The S&P 500 fell -2.5% in October, while the tech-focused Nasdaq 100 lost -3.0%, and the Dow gave back -4.4%.
Stocks rallied after election day
Large-cap stocks soared the day after the presidential election and continued even without a final vote count, staging their biggest rally since April.
“Stocks rallied globally as investors rushed back into technology and health-care firms on bets that the U.S. election results will mean no major tax hikes or regulatory changes that would derail the sectors,” Bloomberg noted.
The tech-focused Nasdaq 100 pushed its advance this week to around 9%. The S&P 500 had its biggest election week gain since 1932, according to CNBC. Foreign markets also posted strong gains for the week.
Market volatility may continue, but during an election year, November is usually the best month of the year for the S&P 500.
While it’s good to pay attention to the financial markets and to elections, it’s how you respond to these changes that really matters. And your reaction is likely to be affected by how you feel about the eventual winner of the election.
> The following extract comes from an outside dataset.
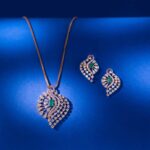Emerald Glow diamond pendent set with emerald center stone and leaf inspired diamond design in 18k gold with matching earrings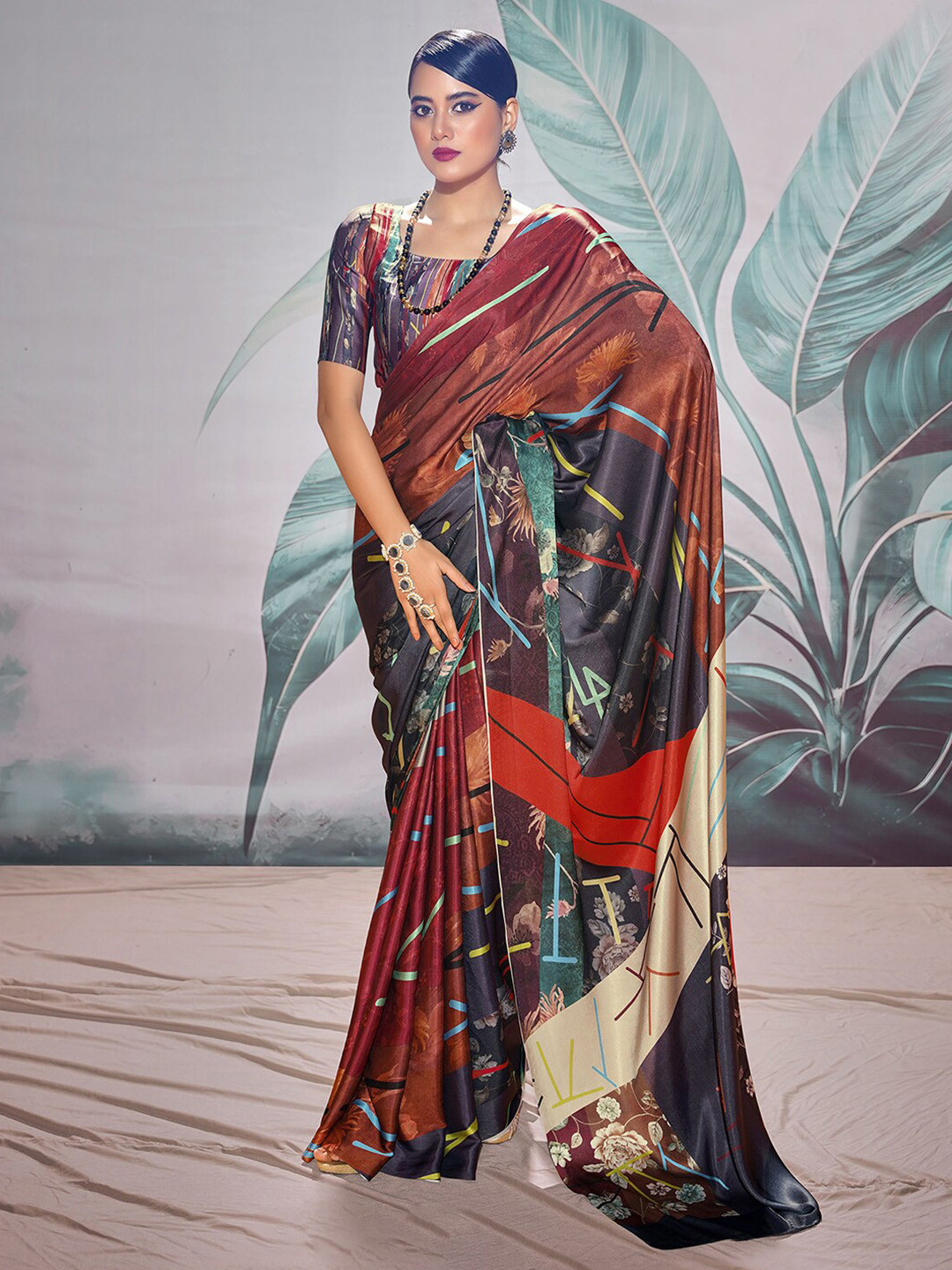 

Mitera Abstract Printed Satin Sungudi Saree, Maroon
It’s clear that Americans have very different ideas about what’s best for the country, but when it comes to investing, there’s still a lot we all agree on, and that’s worth remembering right now when the country seems so divided.
What we can all agree on
Long-term investors will be rewarded.
No matter what direction the market takes short term, staying invested is still likely to help you achieve your long-term financial goals. And if history is any guide, in five years’ time, you’ll be happy you stayed the course.
Keeping a long-term focus can also help you avoid the pitfalls of short-term thinking. “Decades of research show us that short-term thinking is linked to increased impatience and discounting of future rewards, impulsive decisions, higher debt, lower savings, excessive risk-taking, and poor health decisions,” Morningstar reported.
Invest based on your goals and needs, not your political party.
Your political outlook can affect how you invest. A 2017 study found that “investors become more optimistic when their affiliated political party is in power,” Mark Hulbert reported in Marketwatch earlier this year. But this can lead to investment mistakes, as we saw in 2008 and in 2016 when some investors sold out of stocks due to political fears and missed out on good gains.
Instead, try to invest with an open mind about what future markets will bring, and be prepared to change your portfolio if market conditions change. As UBS warned: “Positioning a portfolio right now for a specific outcome leaves it vulnerable to the good chance that another outcome, with different market consequences, materializes.”
Your investment plans should be tailored to your long-term goals and your risk level, and that includes an allocation that’s designed to help you participate in the market’s gains and stay invested through periods of uncertainty and volatility. This is the foundation of any FundX investment plan.
You should also be prepared for the unexpected, which is why most people need a cash cushion of six to 12 months of expenses to tide them over in an emergency.
There will be good investment opportunities no matter who is in the White House.
Change can feel scary, but as we’ve seen in our decades of investing, changing markets often bring new investment opportunities. Despite the current insecurity, we believe there will certainly be many positive changes coming. Hopefully, now that we’re passing the peak of earnings season and the election, these clouds will lift.